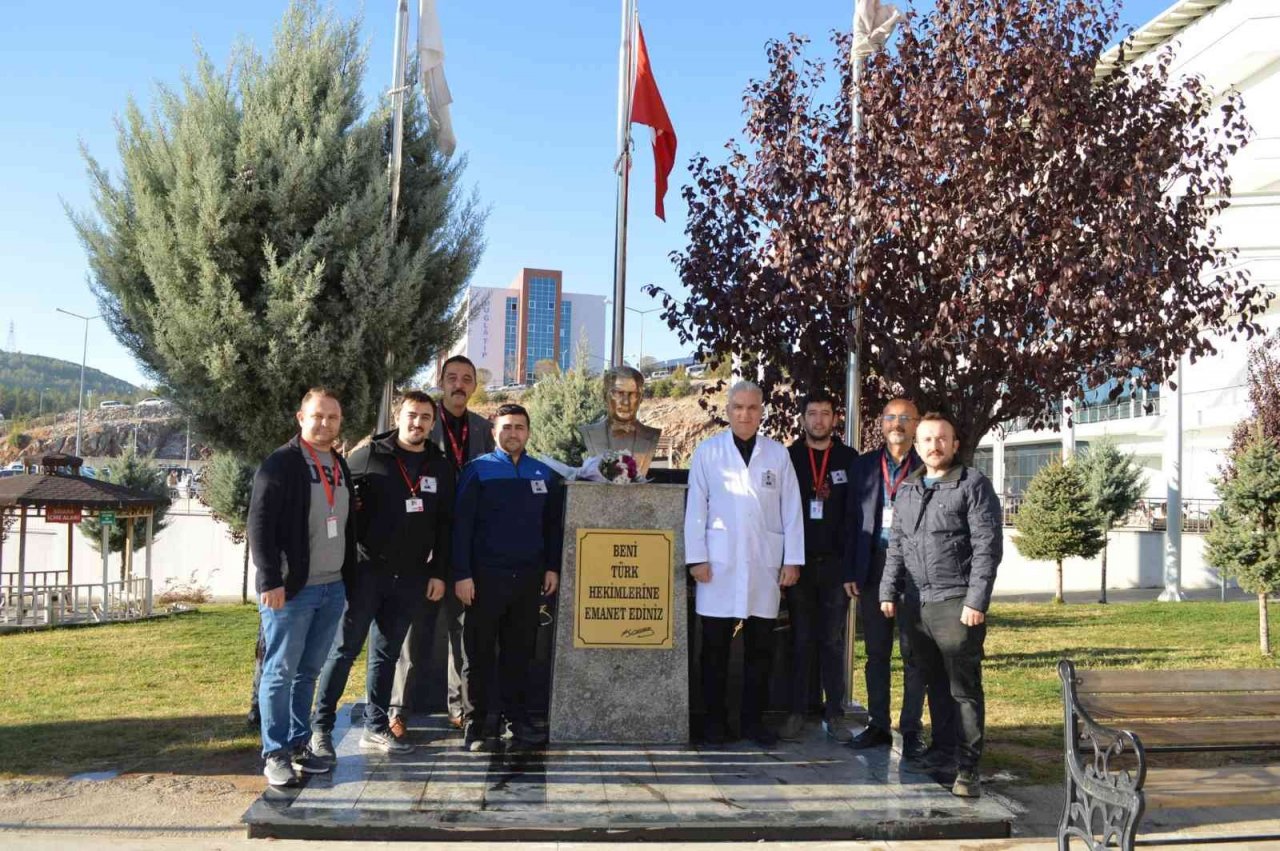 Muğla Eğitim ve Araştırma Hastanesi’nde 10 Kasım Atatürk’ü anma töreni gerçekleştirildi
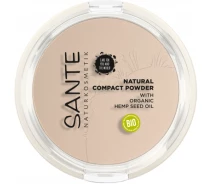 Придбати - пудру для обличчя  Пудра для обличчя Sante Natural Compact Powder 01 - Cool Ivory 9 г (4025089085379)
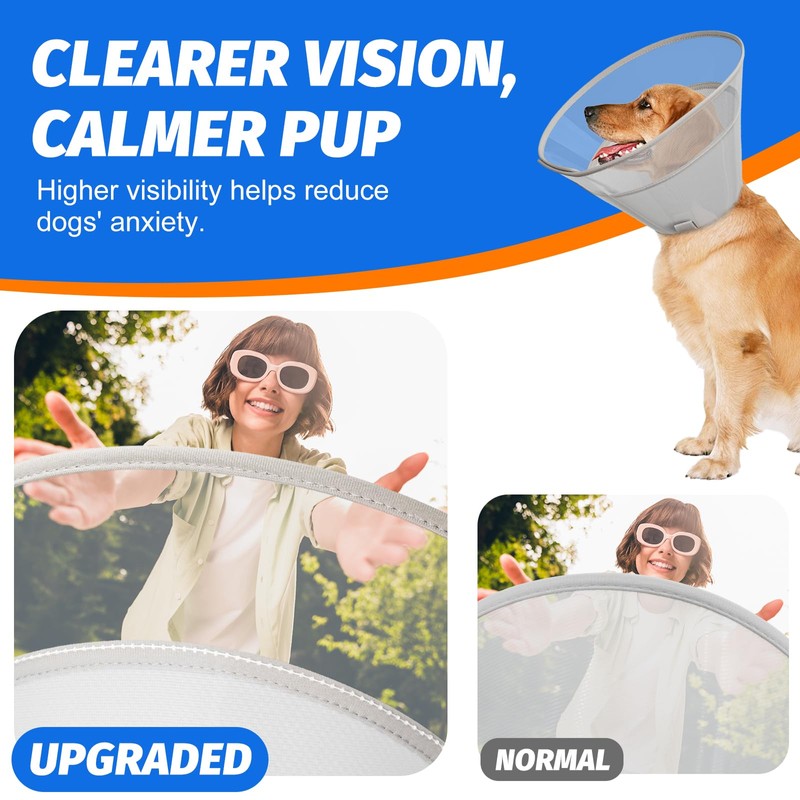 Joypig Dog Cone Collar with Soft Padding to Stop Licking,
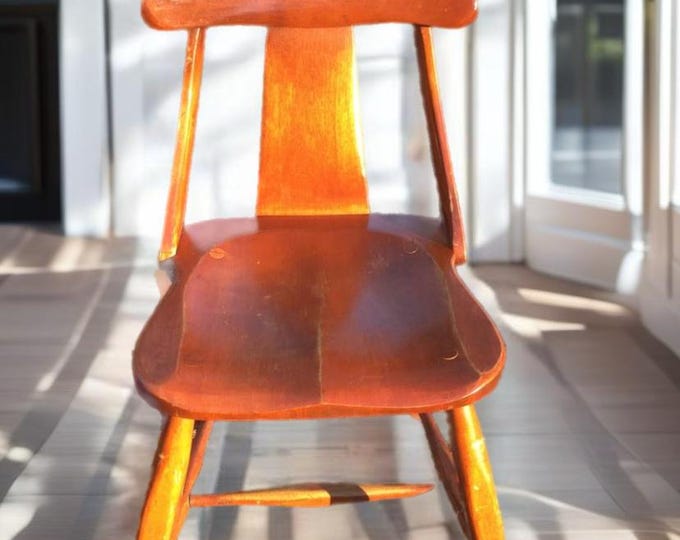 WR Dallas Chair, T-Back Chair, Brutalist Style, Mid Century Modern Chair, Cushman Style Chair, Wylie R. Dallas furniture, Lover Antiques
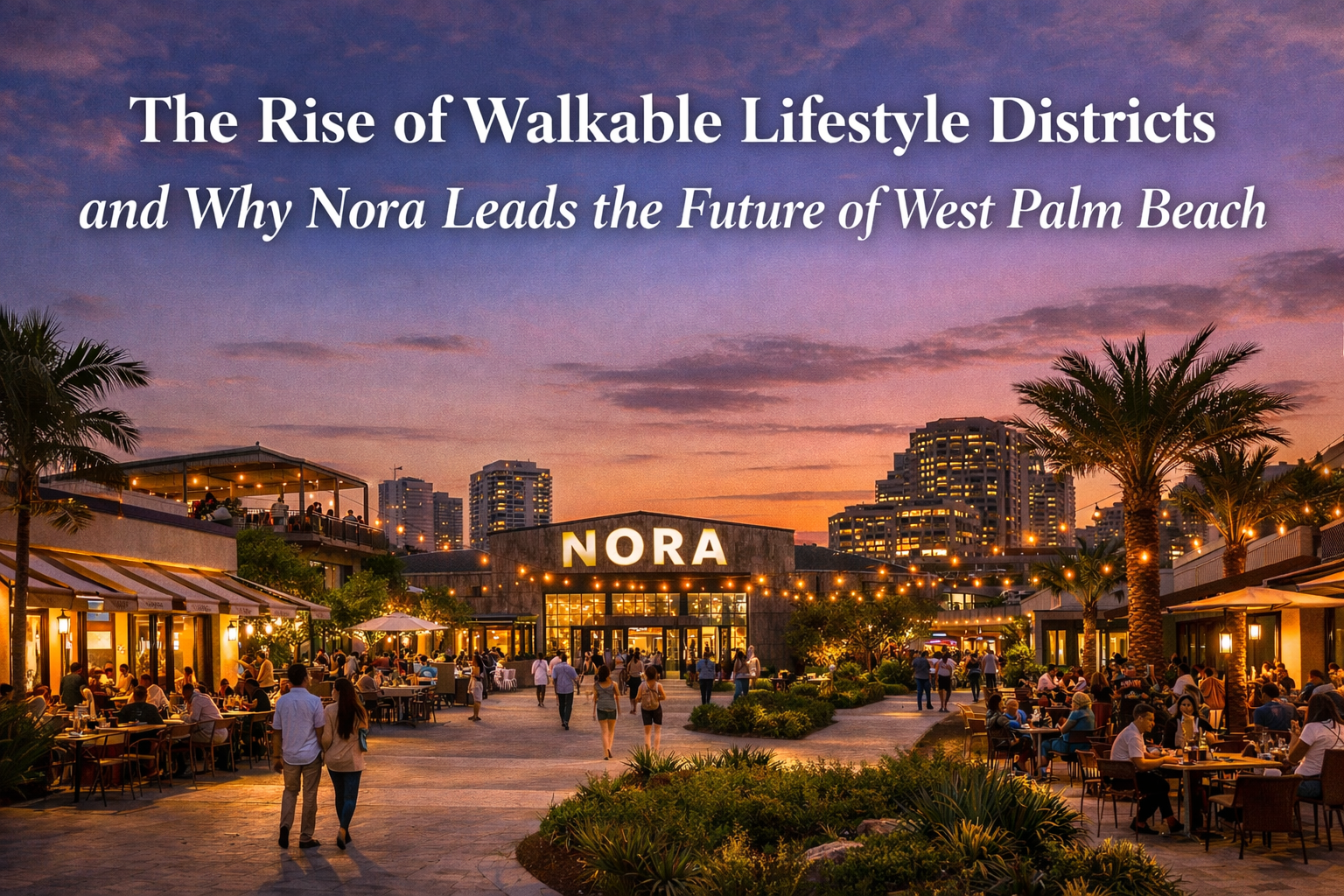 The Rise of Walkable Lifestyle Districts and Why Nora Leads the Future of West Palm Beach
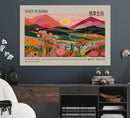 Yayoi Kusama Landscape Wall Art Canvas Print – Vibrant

HOW TO COMPLETE THIS TASK - Without the pictures, give all of the entries above again exactly.

WRITTEN ANSWER -
 Muğla Eğitim ve Araştırma Hastanesi’nde 10 Kasım Atatürk’ü anma töreni gerçekleştirildi
 Придбати - пудру для обличчя  Пудра для обличчя Sante Natural Compact Powder 01 - Cool Ivory 9 г (4025089085379)
 Joypig Dog Cone Collar with Soft Padding to Stop Licking,
 WR Dallas Chair, T-Back Chair, Brutalist Style, Mid Century Modern Chair, Cushman Style Chair, Wylie R. Dallas furniture, Lover Antiques
 The Rise of Walkable Lifestyle Districts and Why Nora Leads the Future of West Palm Beach
 Yayoi Kusama Landscape Wall Art Canvas Print – Vibrant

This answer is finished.